Bir adamın dış görünüşü, genellikle içinde sakladığı ruha dair işaretler verir. Kaptan uzun ve sağlam yapılı bir adam! Esmer ve yakışıklı bir yüzü var. Sinirli yapısından dolayı ya da belki içindeki müthiş enerjinin bir sonucu olarak kollarının ve bacaklarının sık sık seğirdiğini gördüm. Çenesiyle yüzü sert ve kararlı bir ifadeye sahip… Oysa gözleri yüzüne tamamen farklı bir anlam katıyor. Koyu ela, parlak ve canlı gözlerinde sürekli bir sabırsızlık görebiliyorsunuz ve bazen de içlerinde diğer bütün duygulardan çok dehşetle bağdaştırdığım bir ifade oluyor. Genellikle ilki baskın görünse de, düşünceli olduğu zamanlarda gözlerindeki bu korku giderek derinleşerek karakterine bambaşka bir özellik getiriyor. İşte bu anlarda öfkesi tüm kontrolünü ele geçiriyor. O da bunun farkında olmalı ki, sakinleşene dek genellikle kendini odasına kilitliyor, böylece ona yaklaşmamızı engelliyor. Rahat uyuyamadığını biliyorum; pek çok gece haykırdığın duydum, ancak kamarası benimkinden uzak olduğu için hiçbir zaman ne dediğini tam olarak anlayamadım.

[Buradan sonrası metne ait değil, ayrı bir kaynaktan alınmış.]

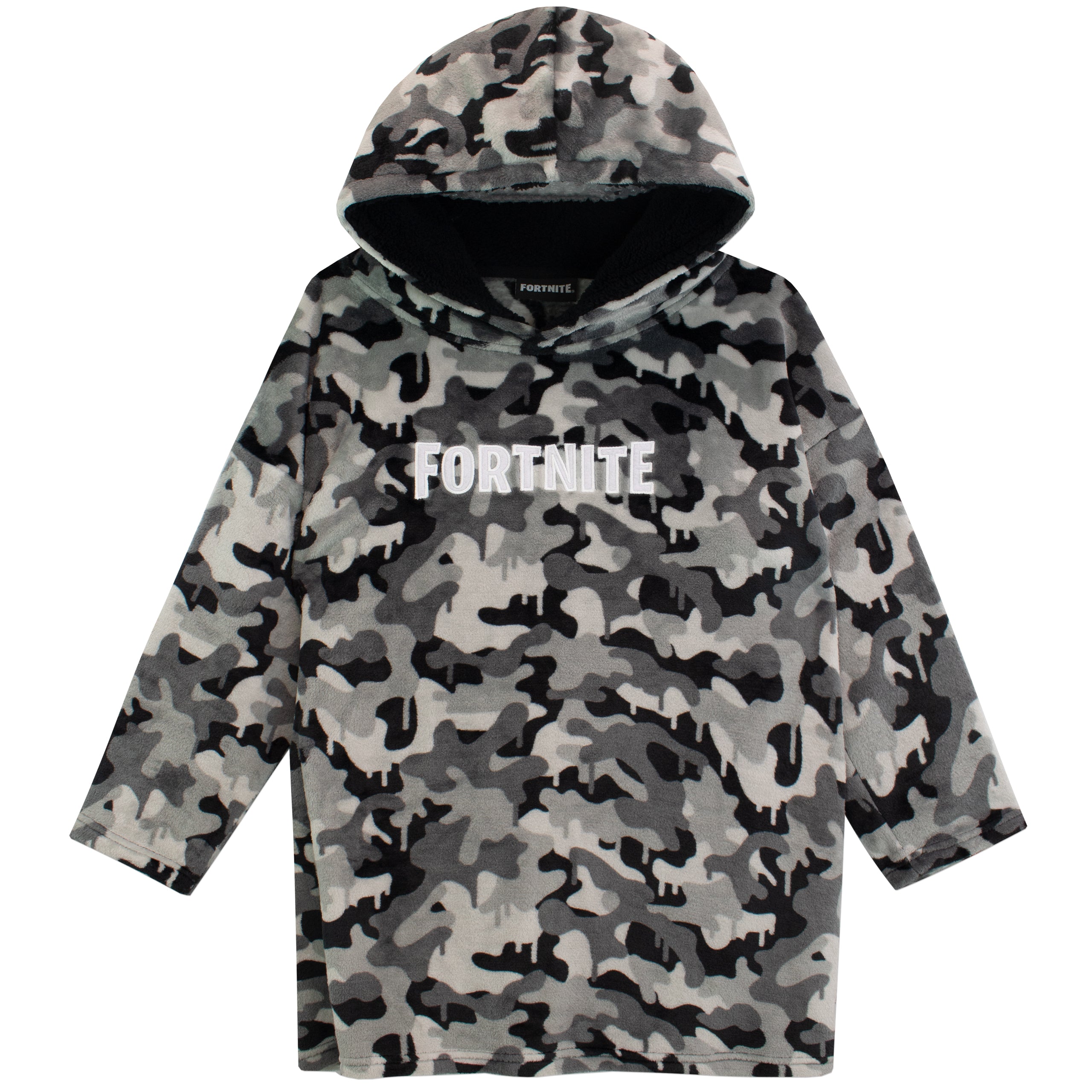 Ubuy Fortnite Plush Blanket Kids Fortnite Dressing Gown Fortnite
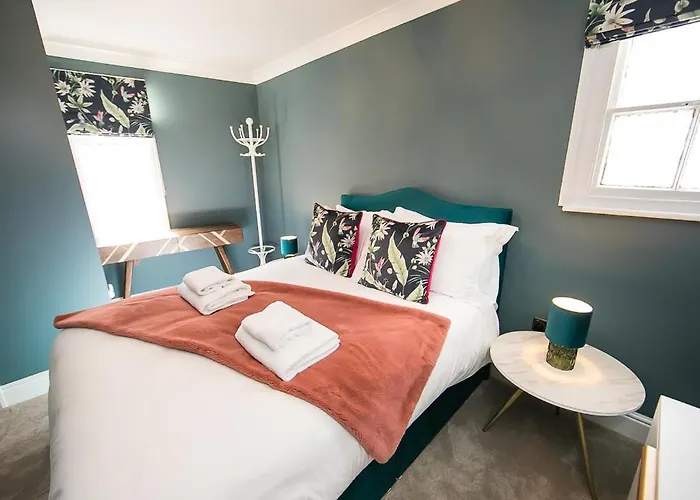 Serenity Suites - Luxury Apartments By Maison Parfaite - Whitby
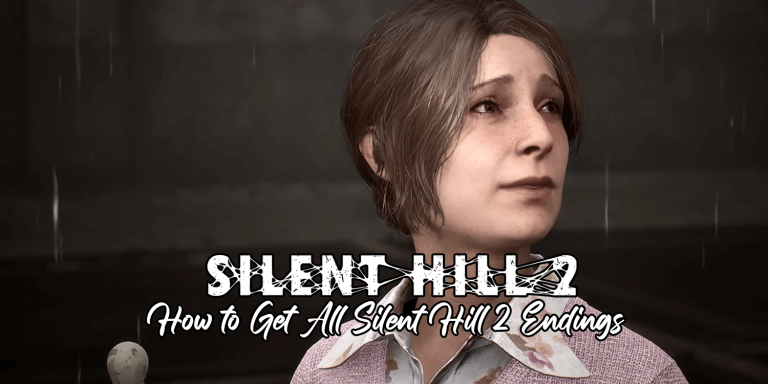 All 8 Endings In Silent Hill 2 Remake (& How To Get Them)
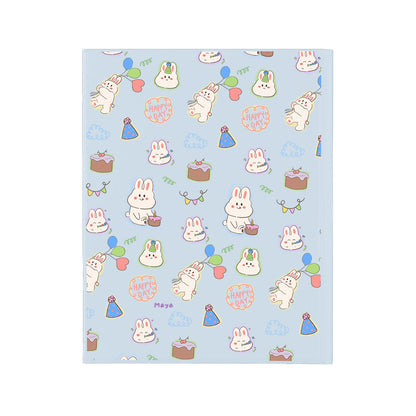 iPad / Android Tab Wireless Keyboard Flipcover - Fun Party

Bu karakterinin bir yönü, son derece kaba ve itici tarafı… Her gün yan yana olmamızın sonucunda, onu yakından gözlemleyerek ortaya çıkardığım bu tarafının aksine sohbeti keyifli, iyi eğitim almış, bilgili ve bir denizci için fazlasıyla kibar bir adam. Ayrıca nisan ayının başında yakalandığımız fırtına sırasında gemiyi nasıl idare ettiğini de kolay kolay unutmayacağım. Onu daha önce hiç o gece çakan şimşeklerin ve uğuldayan rüzgârın içinde sağa sola koştururken olduğu kadar neşeli ve heyecanlı görmemiştim. Birkaç kez ölümün kendisi için hoş bir düşünce olduğunu söylemişti, bu onun gibi genç bir adam için fazlasıyla üzücü. Bıyıkları ve saçları kırlaşmaya başlamış olsa da, otuzundan fazla olduğunu sanmıyorum. Büyük bir kayıp yaşamış olmalı ve bu acı bütün hayatını ele geçirmiş. Belki Flora’mı kaybedecek olsam, ben de aynı durumda olurdum. Ah, Tanrı biliyor ya, eğer o olmasaydı rüzgârın kuzeyden mi yoksa güneyden mi eseceğini ben de umursamazdım.

Ayak seslerinden aşağı kamarasına indiğini duyabiliyorum, kapısını kilitlediğine göre kızgınlığı hâlâ geçmemiş olmalı. Yaşlı Pepys’in diyeceği gibi; mum sönmek üzere (artık geceler başladığı için gündüz vaktinde bile mum kullanmak zorundayız) ve artık yatma vakti geldi.

12 Eylül

Sakin, aydınlık bir gün… Hâlâ aynı yerde bekliyoruz. Güneydoğudan rüzgâr esiyor, ancak bir etki yaratamayacak kadar hafif. Kaptan’ın ruh hâli bugün daha iyi… Kahvaltıda dünkü kabalığı için benden özür diledi. Ancak hâlâ düşünceli görünüyor ve gözlerindeki o vahşi bakış henüz değişmedi. Bir İskoçyalı ona baktığında “ölümün eşiğindeki” bir adamı görebilir. En azından, gemideki Kelt tayfaların arasında bir tür kâhin gibi görünen baş makinistimiz böyle olduğunu düşünüyor.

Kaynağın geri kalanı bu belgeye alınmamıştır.